= WHAT YOU NEED TO DO =
In the entries that follow, find the line containing "It's just a"; from there, copy every line exactly through the line containing "For my eyebrows, I".

= MATERIAL FOR THE TASK =
◆ ◆ ◆ ◆

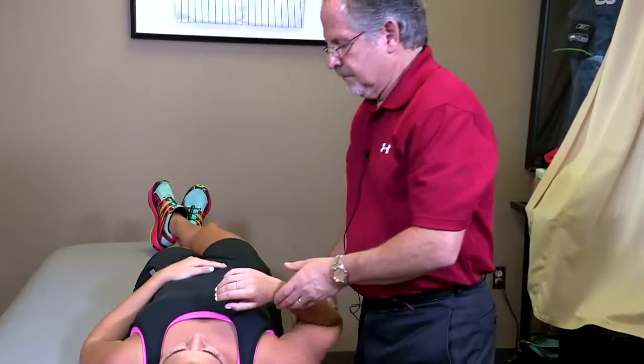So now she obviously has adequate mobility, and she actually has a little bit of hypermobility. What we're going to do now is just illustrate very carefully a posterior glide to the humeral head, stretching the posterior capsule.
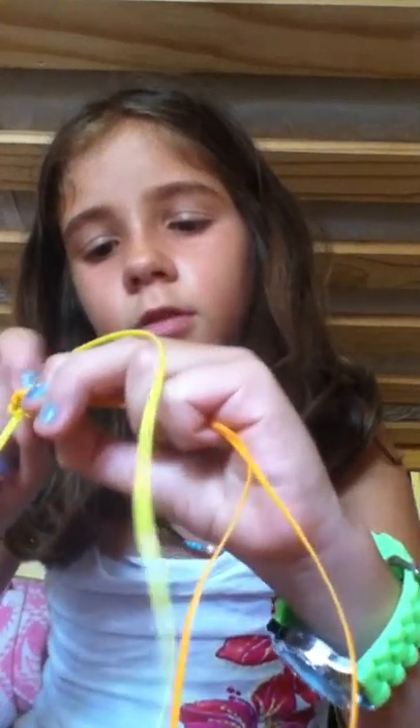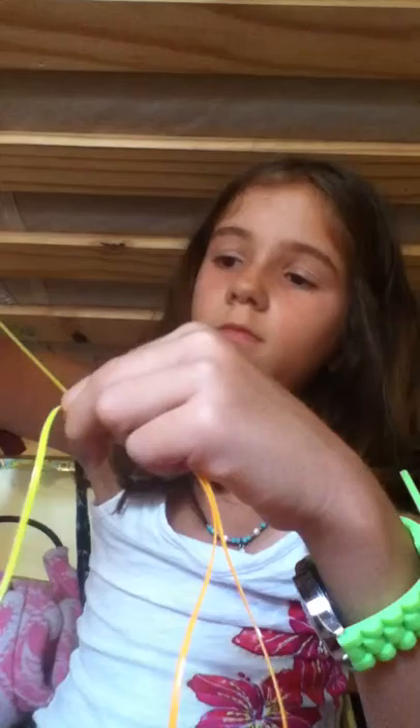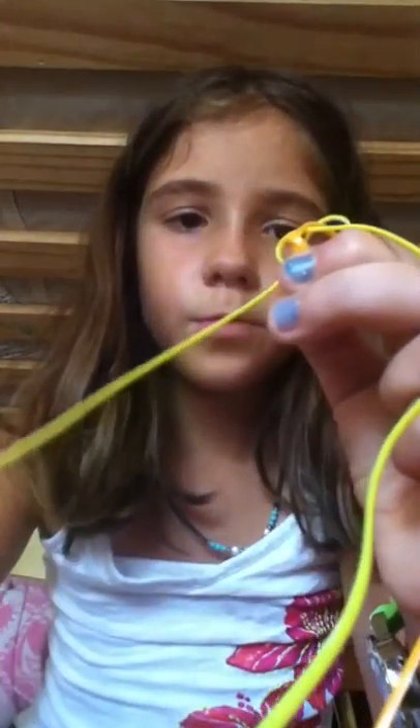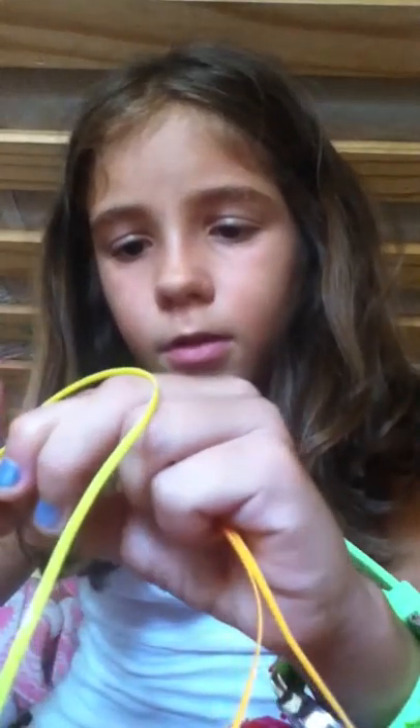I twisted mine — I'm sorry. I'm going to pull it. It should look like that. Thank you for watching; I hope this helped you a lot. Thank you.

◆ ◆ ◆ ◆

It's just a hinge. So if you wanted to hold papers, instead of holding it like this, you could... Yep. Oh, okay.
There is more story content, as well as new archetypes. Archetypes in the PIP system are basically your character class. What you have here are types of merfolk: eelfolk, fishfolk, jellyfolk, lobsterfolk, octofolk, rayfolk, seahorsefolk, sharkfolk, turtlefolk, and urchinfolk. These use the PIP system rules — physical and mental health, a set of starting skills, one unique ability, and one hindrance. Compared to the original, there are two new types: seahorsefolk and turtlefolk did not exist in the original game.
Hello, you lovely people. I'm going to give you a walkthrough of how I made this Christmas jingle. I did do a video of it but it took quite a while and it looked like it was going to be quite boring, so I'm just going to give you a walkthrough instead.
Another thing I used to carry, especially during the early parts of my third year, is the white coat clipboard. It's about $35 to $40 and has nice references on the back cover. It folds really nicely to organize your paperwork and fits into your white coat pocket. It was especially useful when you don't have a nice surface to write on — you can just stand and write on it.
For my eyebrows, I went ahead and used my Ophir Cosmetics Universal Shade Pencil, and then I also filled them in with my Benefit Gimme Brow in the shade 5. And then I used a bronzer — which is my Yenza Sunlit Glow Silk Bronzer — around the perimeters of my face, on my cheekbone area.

◆ ◆ ◆ ◆

= EXPECTED ANSWER =
It's just a hinge. So if you wanted to hold papers, instead of holding it like this, you could... Yep. Oh, okay.
There is more story content, as well as new archetypes. Archetypes in the PIP system are basically your character class. What you have here are types of merfolk: eelfolk, fishfolk, jellyfolk, lobsterfolk, octofolk, rayfolk, seahorsefolk, sharkfolk, turtlefolk, and urchinfolk. These use the PIP system rules — physical and mental health, a set of starting skills, one unique ability, and one hindrance. Compared to the original, there are two new types: seahorsefolk and turtlefolk did not exist in the original game.
Hello, you lovely people. I'm going to give you a walkthrough of how I made this Christmas jingle. I did do a video of it but it took quite a while and it looked like it was going to be quite boring, so I'm just going to give you a walkthrough instead.
Another thing I used to carry, especially during the early parts of my third year, is the white coat clipboard. It's about $35 to $40 and has nice references on the back cover. It folds really nicely to organize your paperwork and fits into your white coat pocket. It was especially useful when you don't have a nice surface to write on — you can just stand and write on it.
For my eyebrows, I went ahead and used my Ophir Cosmetics Universal Shade Pencil, and then I also filled them in with my Benefit Gimme Brow in the shade 5. And then I used a bronzer — which is my Yenza Sunlit Glow Silk Bronzer — around the perimeters of my face, on my cheekbone area.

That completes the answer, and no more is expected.